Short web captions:
········

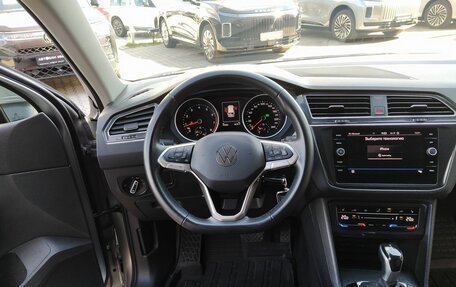 Volkswagen Tiguan II, 2021 год, 3 550 000 рублей, 26 фотография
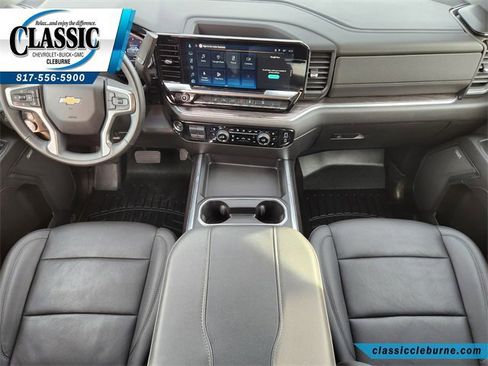 Used 2025 Chevrolet Silverado 2500 LTZ w/ LTZ Premium Package image 2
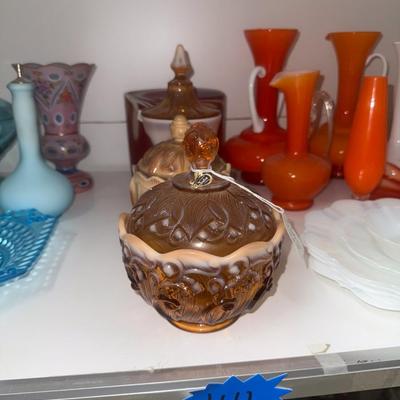 Sale Photo Thumbnail #656: Fenton dishes, etc.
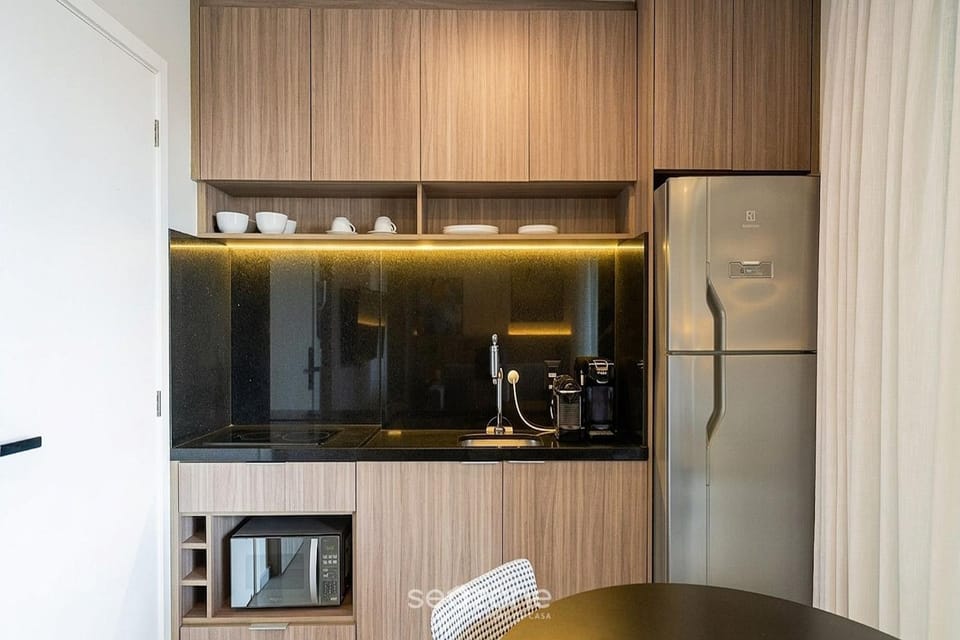 Kitchen or kitchenette, Seating area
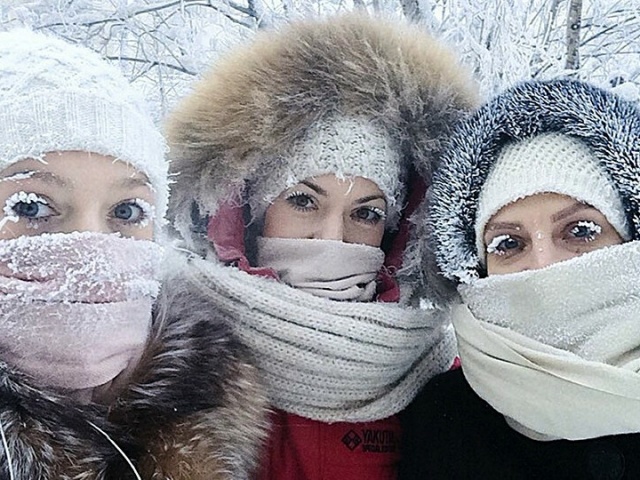 Nơi người dân mặc 10 kg quần áo vì lạnh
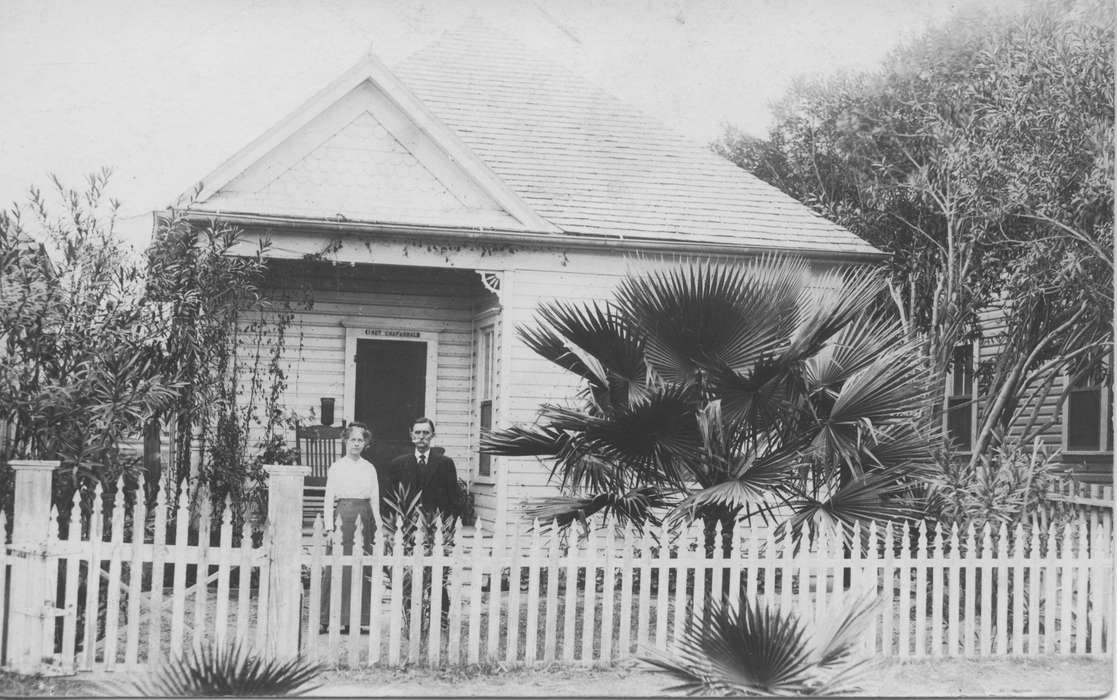 Portraits - Group, history of Iowa, Iowa History, Corpus Christi, TX, palm tree, Iowa, fence, Homes, Heuton, Paul H.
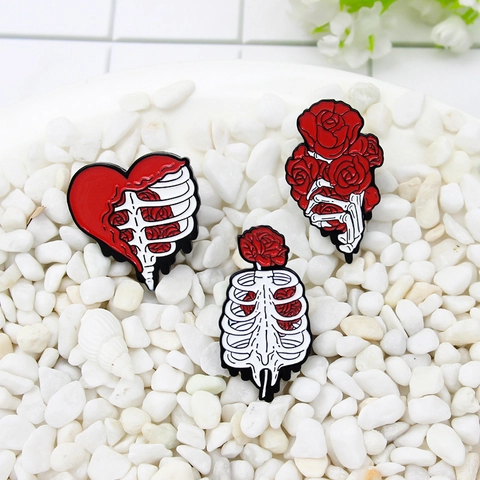 Broche En Alliage Épinglette Émail Rose Squelette Gothique Coeur Cage Thoracique Romantique Sombre Punk Bijoux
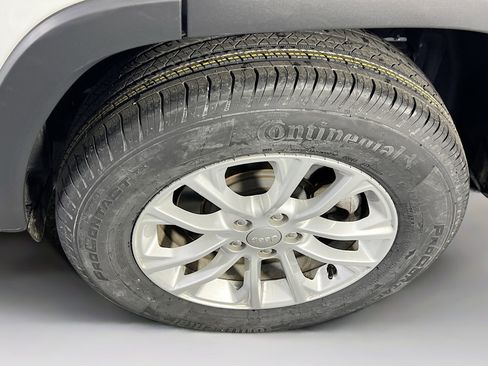 Used 2022 Jeep Cherokee Latitude Lux AWD/4WD image 29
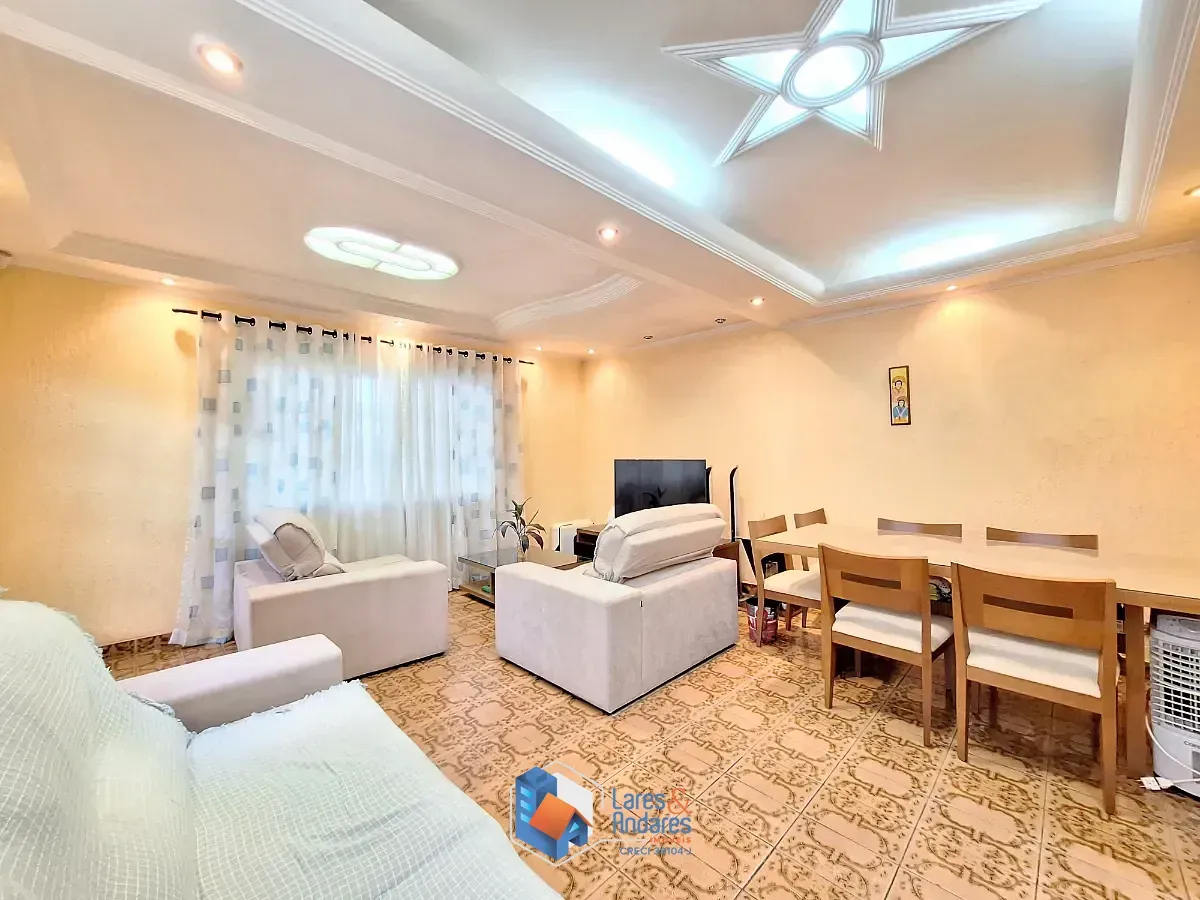 Imagem Sobrado para venda em Jardim Cecy com 2 quartos, 210m²
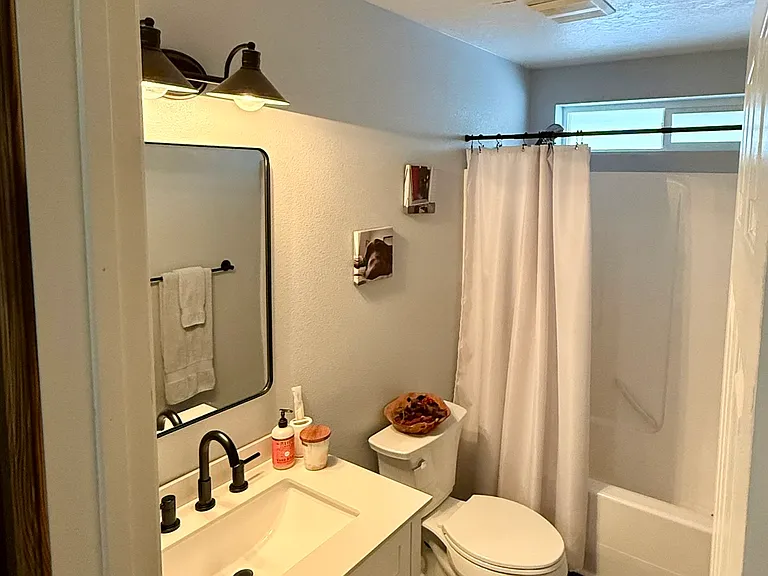 1268 W Bentwood Loop — Photo 8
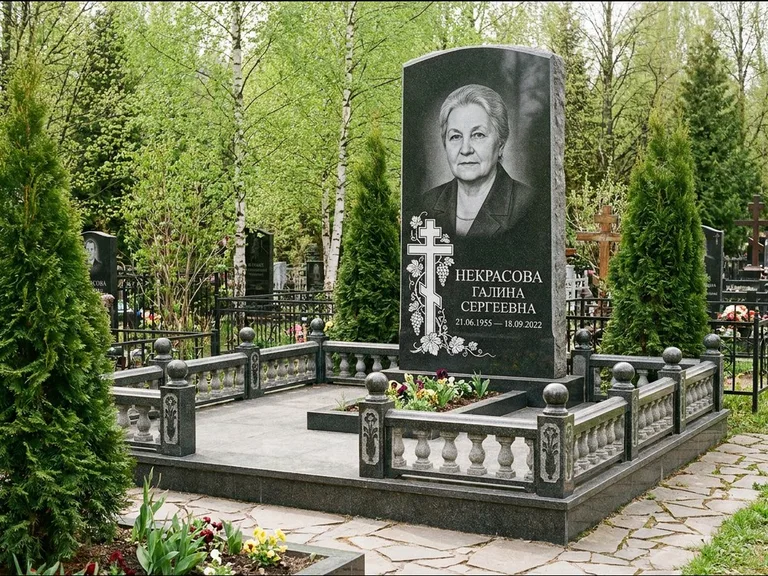 Памятник из чёрного гранита — стела с крестом и книгой с крестом с распятием, работа «Савельева» в Нижнем Новгороде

········

Problem> No pictures go in the copy. Set down all the data exactly.

Task result>
 Volkswagen Tiguan II, 2021 год, 3 550 000 рублей, 26 фотография
 Used 2025 Chevrolet Silverado 2500 LTZ w/ LTZ Premium Package image 2
 Sale Photo Thumbnail #656: Fenton dishes, etc.
 Kitchen or kitchenette, Seating area
 Nơi người dân mặc 10 kg quần áo vì lạnh
 Portraits - Group, history of Iowa, Iowa History, Corpus Christi, TX, palm tree, Iowa, fence, Homes, Heuton, Paul H.
 Broche En Alliage Épinglette Émail Rose Squelette Gothique Coeur Cage Thoracique Romantique Sombre Punk Bijoux
 Used 2022 Jeep Cherokee Latitude Lux AWD/4WD image 29
 Imagem Sobrado para venda em Jardim Cecy com 2 quartos, 210m²
 1268 W Bentwood Loop — Photo 8
 Памятник из чёрного гранита — стела с крестом и книгой с крестом с распятием, работа «Савельева» в Нижнем Новгороде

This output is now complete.